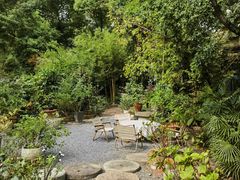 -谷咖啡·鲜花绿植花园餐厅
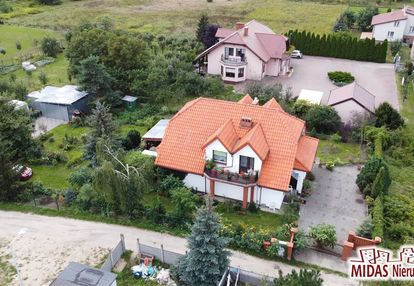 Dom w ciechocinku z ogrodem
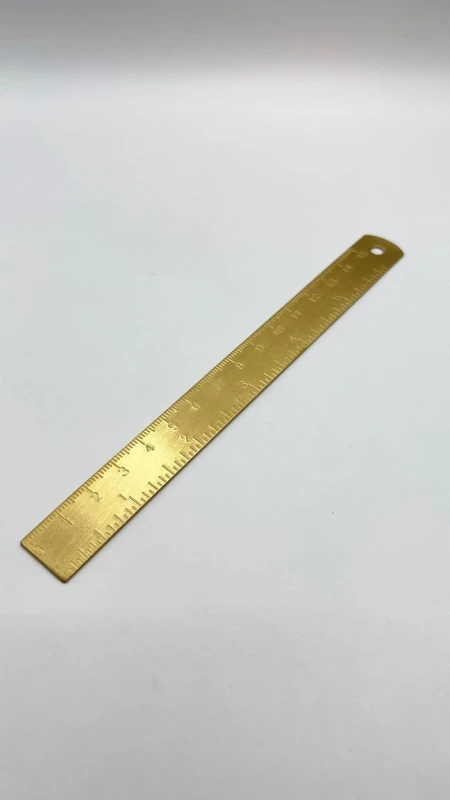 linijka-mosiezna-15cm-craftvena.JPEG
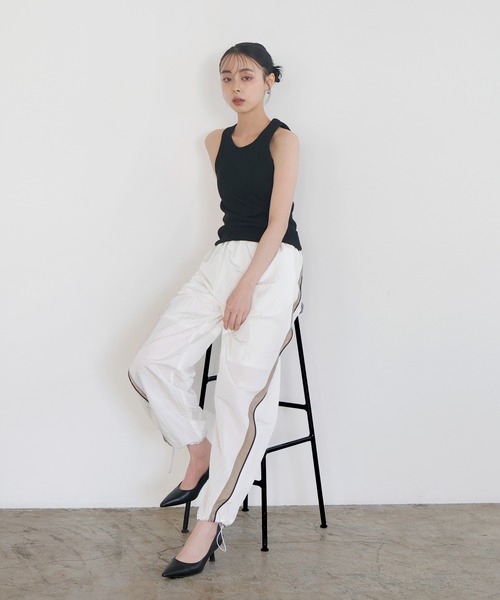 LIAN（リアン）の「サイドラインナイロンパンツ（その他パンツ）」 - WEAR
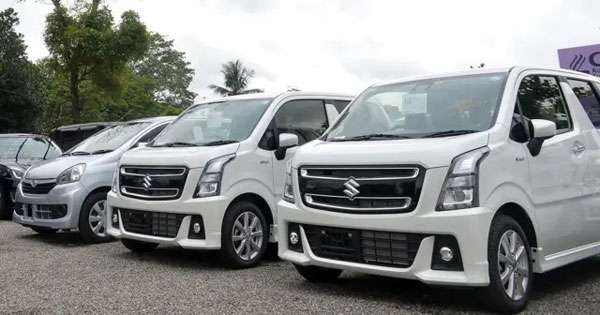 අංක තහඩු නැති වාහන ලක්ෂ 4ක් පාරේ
★ ★ ★ ★ ★
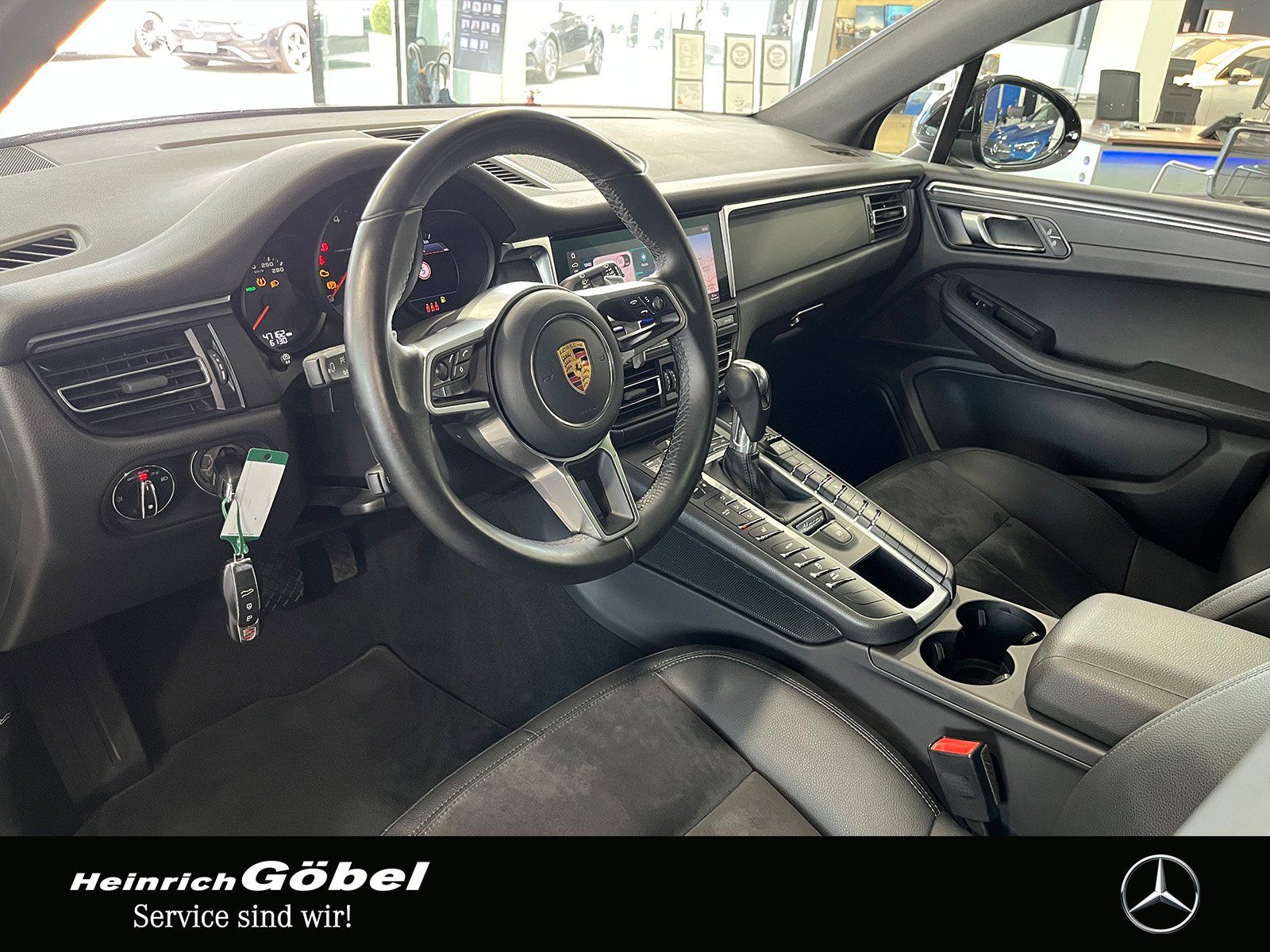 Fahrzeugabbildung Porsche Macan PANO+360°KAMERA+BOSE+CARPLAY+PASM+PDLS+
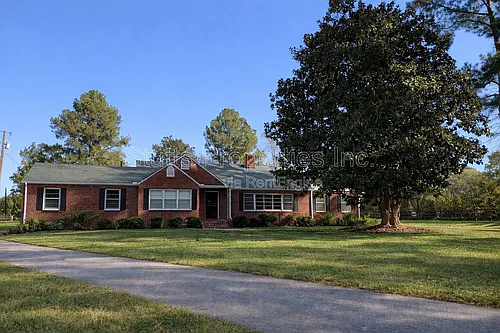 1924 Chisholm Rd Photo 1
★ ★ ★ ★ ★
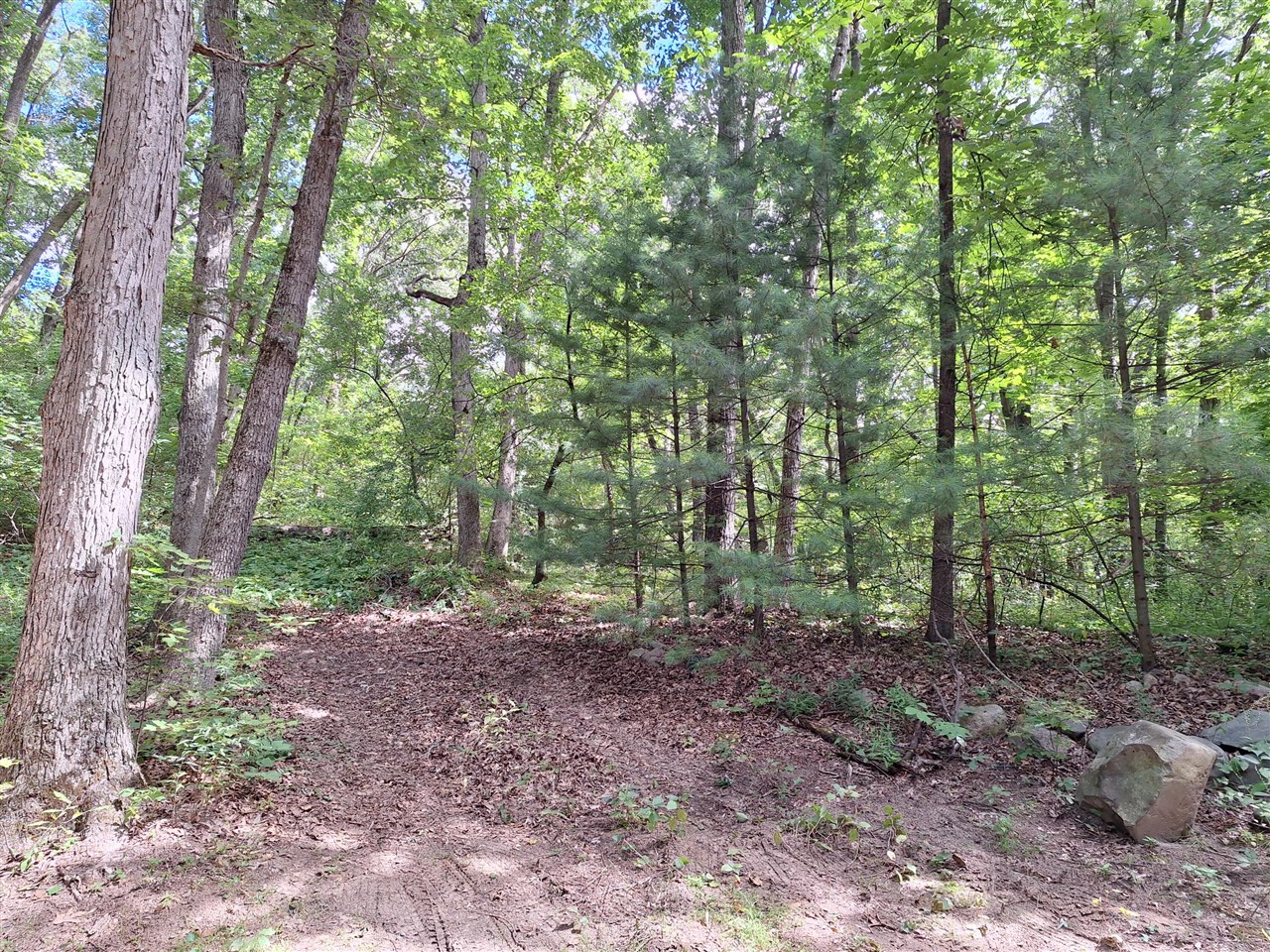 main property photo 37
★ ★ ★ ★ ★
INSTRUCTIONS TO FOLLOW:
Copy exactly the lines of the entries above from the one containing "-谷咖啡·鲜花绿植花园餐厅" through the one containing "අංක තහඩු නැති වාහන ලක්ෂ 4ක් පාරේ". Both end lines count; pictures do not.

THE ANSWER:
 -谷咖啡·鲜花绿植花园餐厅
 Dom w ciechocinku z ogrodem
 linijka-mosiezna-15cm-craftvena.JPEG
 LIAN（リアン）の「サイドラインナイロンパンツ（その他パンツ）」 - WEAR
 අංක තහඩු නැති වාහන ලක්ෂ 4ක් පාරේ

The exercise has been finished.